Wenn die Literaturzeitschrift »Zirkular / Am Zeitstrand« in einer Überlegung zum Büchnerpreis erklärt, daß Klaus M. Rarisch ein würdiger Preisträger sei, kann ich mich dieser Ansicht nur anschließen. Als einer, der selber erst in diesem Jahr, als 66jähriger und nach mehr als zwanzig Buchpublikationen, einen literarischen Preis bekam, habe ich die Praxis der Preisvergabe immer wieder mit Verwunderung beobachtet dreißig Jahre lang war ich, sozusagen hauptamtlich, für Literaturkritik im Fernsehen zuständig und habe mit einer Anti-Bestsellerliste, mit der »Bestenliste« der 35 deutschsprachigen Juroren, gegenzusteuem versucht und hatte festzustellen, daß fast alle Preise mehr oder weniger ein Echo auf das Geschehen im »Betrieb« waren. Autoren und Autorinnen, die schon gehört und gelesen wurden, deren Bücher auf den Rezensionsseiten Beachtung gefunden hatten, fanden über kurz oder lang auch eine Jury, die ihnen einen Preis zusprach, der Erfolg wurde mit Erfolg gekrönt.

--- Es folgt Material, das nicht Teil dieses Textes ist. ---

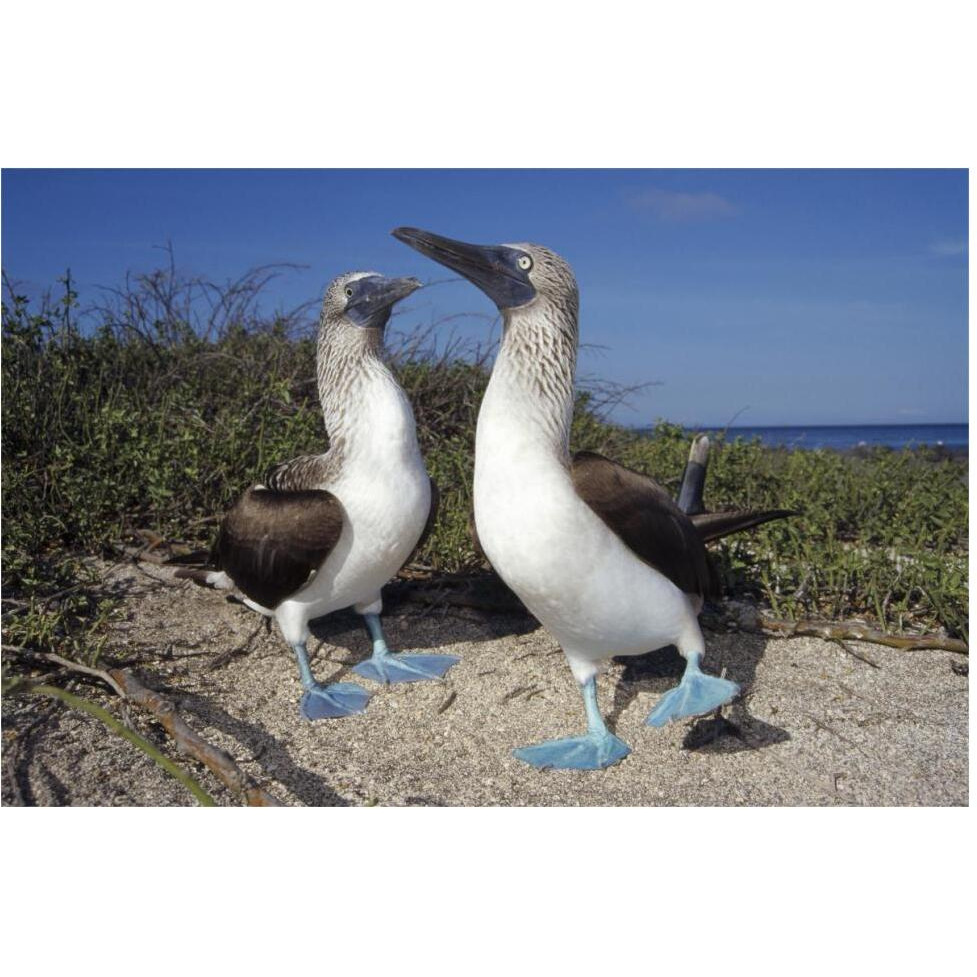 Blue-footed Booby pair in courtship dance, Galapagos Islands, Ecuador-Paper Art-62&quotx42"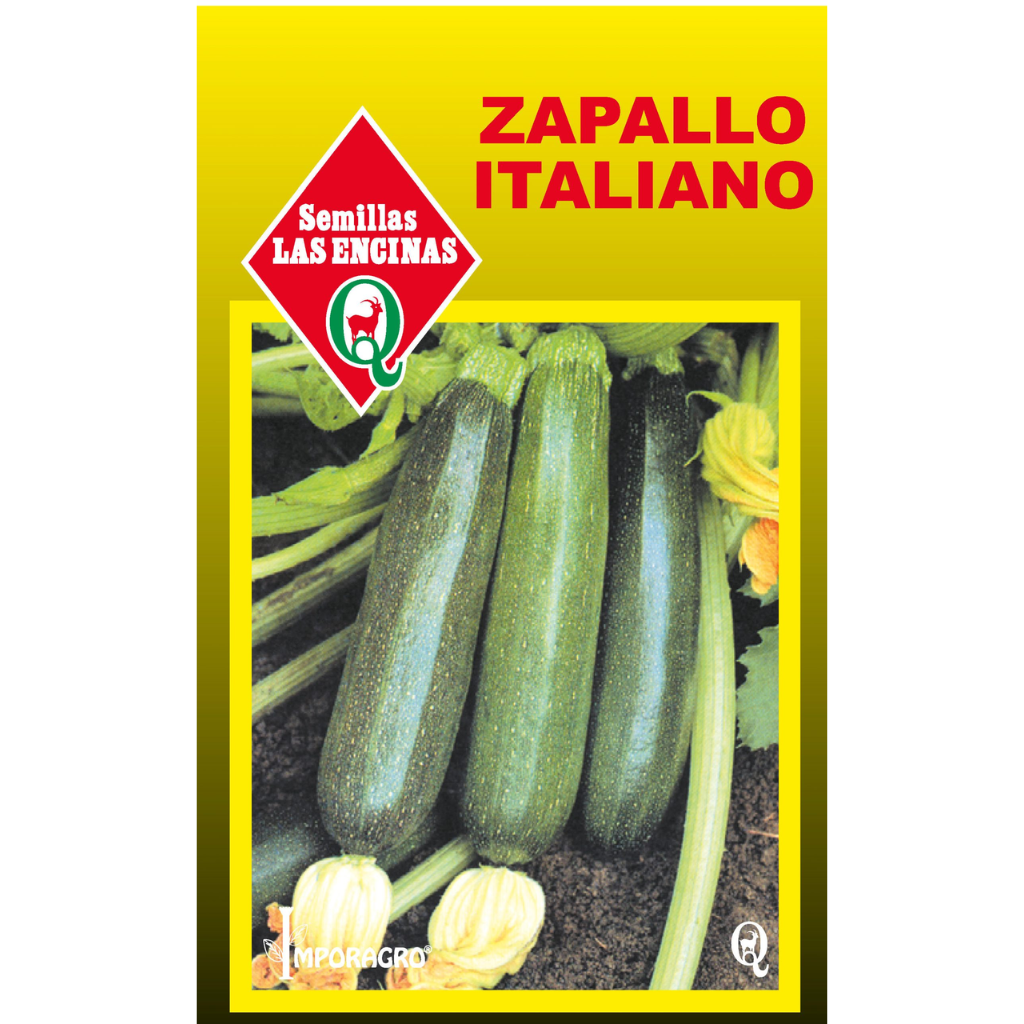 Semilla Zapallo Variedad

Die Qualität eines Literaturpreises würde sich aber darin auszeichnen, daß nicht der Lärm des Betriebs, der Auflagen und öffentlichen Beachtung ausschlaggebend ist, sondern literarische Qualität und nichts sonst. Ein solcher Fall, sozusagen in Reinkultur, läge vor beim Sonettisten Klaus M. Rarisch. Seine lyrische Lebensarbeit beobachte ich seit vielen Jahren und sehe, daß er in all diesen Jahren unablässig ein bewundernswertes Niveau wahrt. Ausgerechnet in der strengsten Form der Sprachkunst, im Sonett, erreicht Rarisch seit je überraschendste Leichtigkeiten, schwebende Rhythmik, ohne daß ich ihn bei diesem hohen Spiel mit den eisernen Regeln irgendwann bei einer Nachlässigkeit hätte beobachten müssen. Ausgerechnet die scheinbar starren Vorgaben der Sonett-Regeln erfüllt er aber inhaltlich nicht etwa mit sinistrer Sprödigkeit oder mit antikisierender Thematik, sondern die offenbar gestrige Tradition verlebendigt er auf immer wieder überraschend neuen Wegen mit Themen und Stoffen und Fragen, die auch und gerade für Menschen im dritten Jahrtausend als denkwürdig gelten, da geht es um Privatheit wie Politik, um hintersinnig Groteskes wie um nervige Erotik wie um existentielle Zerrissenheit. Was immer einen bewußt lebenden Menschen hier und jetzt umtreibt, Rarisch findet dafür präzise und bewegende Bilder und Parabeln, findet sprachliche Lösungen in der anspruchsvollsten Form.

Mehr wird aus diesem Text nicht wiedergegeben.